3. It has been extensively checked with the latest chess engines

4. It has been tested in blitz games

The Four Pawn Attack is definitely not for the faint hearted. Will White end up being hopelessly overextended or will Black be smashed off the board? This book hopes the former will be the case.

Time and again, examples are given in which the black squares around the enemy King prove to fatally weak. Here’s an easy demonstration:

18 Qxd4!! cxd4 19 Bxg4 Qa4 20 b3

The latter part of the book looks at related Black systems and move orders which make it awkward for White to get into a Four Pawn Attack.

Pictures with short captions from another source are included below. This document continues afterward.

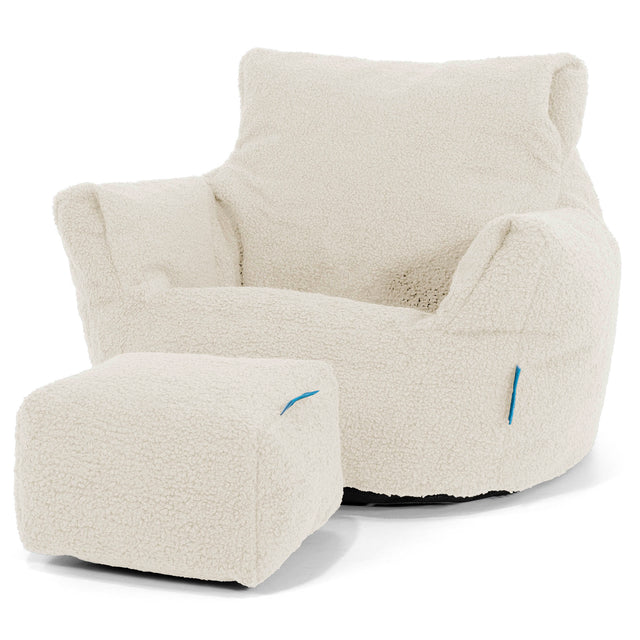 Klein Kindersessel Sitzsack 1-3 jahren - Bouclé Elfenbein 02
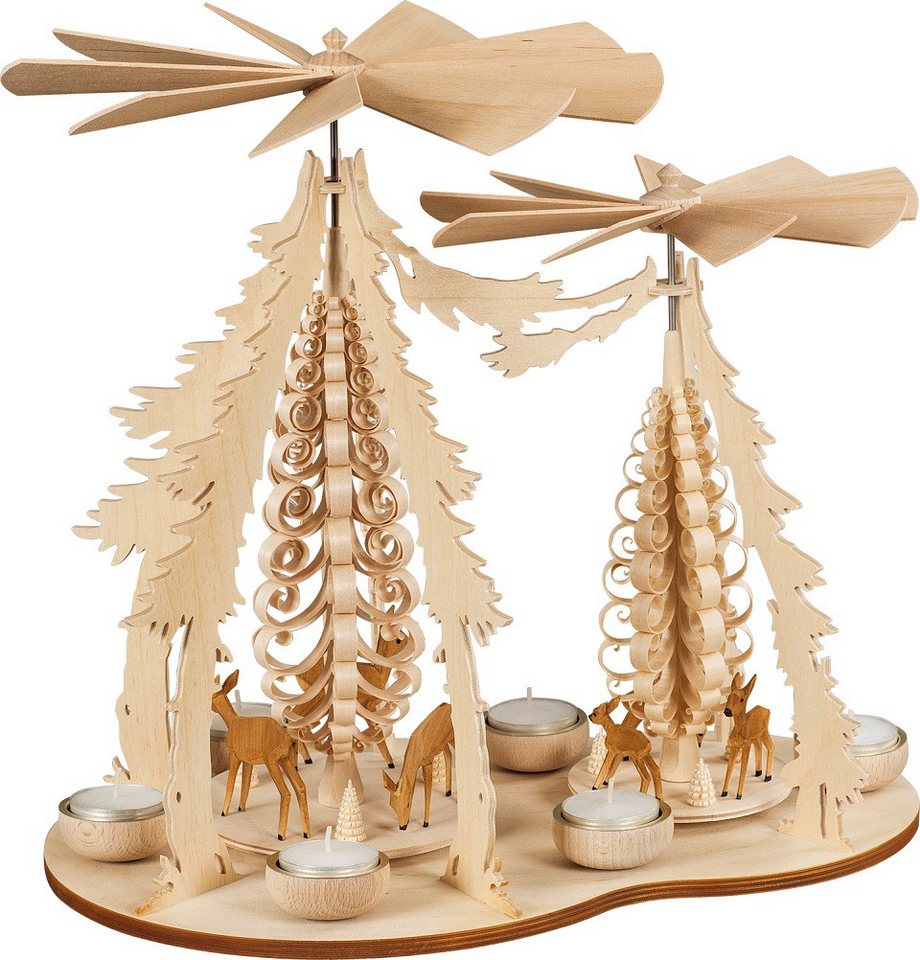 Kunstgewerbe Katja Taulin Weihnachtspyramide geschnitzt Rehe natur mit 2 Flügeln - Höhe: 35 cm, Handarbeit aus dem Erzgebirge Kunstgewerbe Katja Taulin Weihnachtspyramide geschnitzt Rehe natur mit 2 Flügeln - Höhe: 35 cm, Handarbeit aus dem Erzgebirge von Kunstgewerbe Katja Taulin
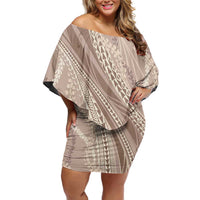 Polynesian Puakeniken Pikake Twisted Lei Off Shoulder Short Dress Beige LT7 Women Beige - Polynesian Pride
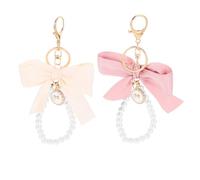 YARNOW 2 pièces Porte-clés Noeud Élégant Perles Décoratif pour Clés Voiture et Sac Lot Rose et Accessoire Féminin et Raffiné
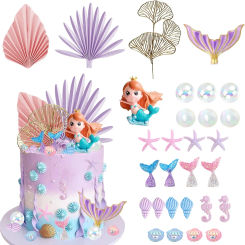Mermaid Cake Toppers Under the Sea Mermaid Tail Cake Decorations for Birthday Baby Shower Party Supplies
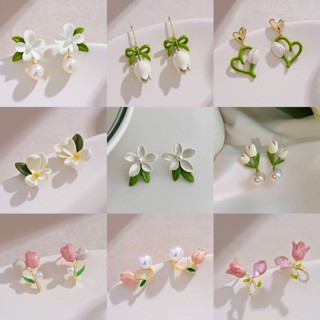 Brincos De Pérola Mori Gardenia Simples Francesa Doce Pequena Flor Fresca Desenho De Nicho Classe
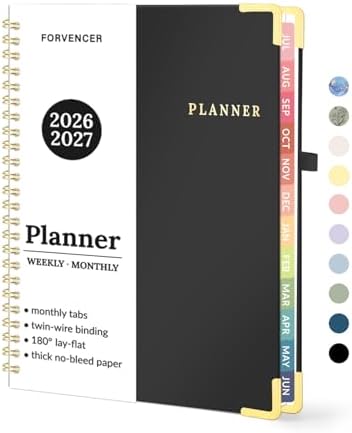 Forvencer Academic Planner 2026-2027, Weekly & Monthly Hardcover Planner A5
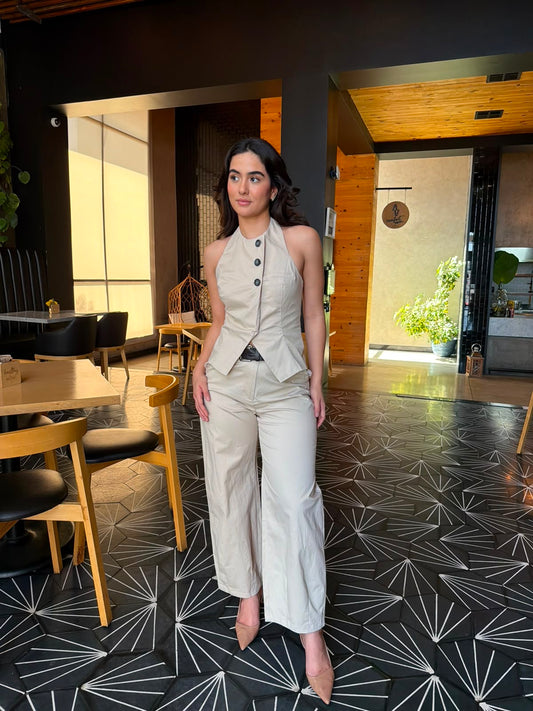 Conjunto con Cinto - Beige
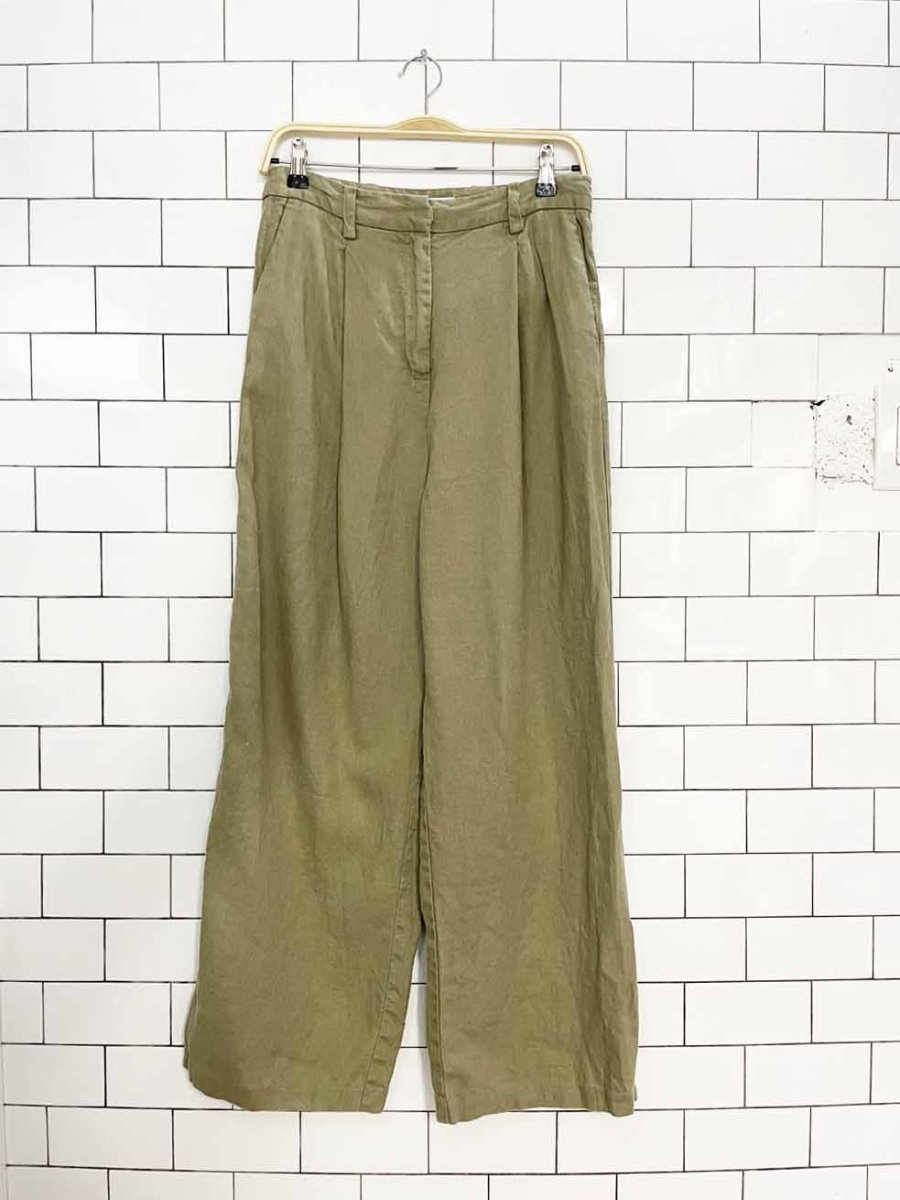 oak + fort 100% linen wide leg pleated trousers - good market thrift store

‘The best part of having the FPA in one’s repertoire is that Black will often try to outsmart you with tricky move orders and second grade systems which commonly delay …Nf6 or …g6. They are called ‘Modern’, but perhaps ‘Dubious’ would have been a more appropriate name.’

Here, the general strategy is not to try and blow Black away in short order; the emphasis is more building and maintaining a solid positional advantage based on the natural territorial gains.

I often try out book lines against chess engines and was surprised to see Fritz fall into the trap given on page 76. It was only a three minute game but it does show the danger Black can easily slip into.

1.d4 Nf6 2.c4 g6 3.Nc3 Bg7 4.e4 d6 5.f4 0–0 6.Nf3 c5 7.d5 b5 8.cxb5 a6 9.a4 Qa5 10.Bd2 Qb4 11.Qc2

‘Black can easily lose his Queen’ says the book, and so it came to pass...

11 …axb5 12.Bxb5 Ba6 13.e5 dxe5 14.fxe5 Ng4 15.Nd1

….and White won easily.

As usual with original analysis, everything needs to be tried out over the board in serious games to give it a thorough testing. Killing the King’s Indian Defence is no easy matter but Semko Semkov provides plenty of food for thought.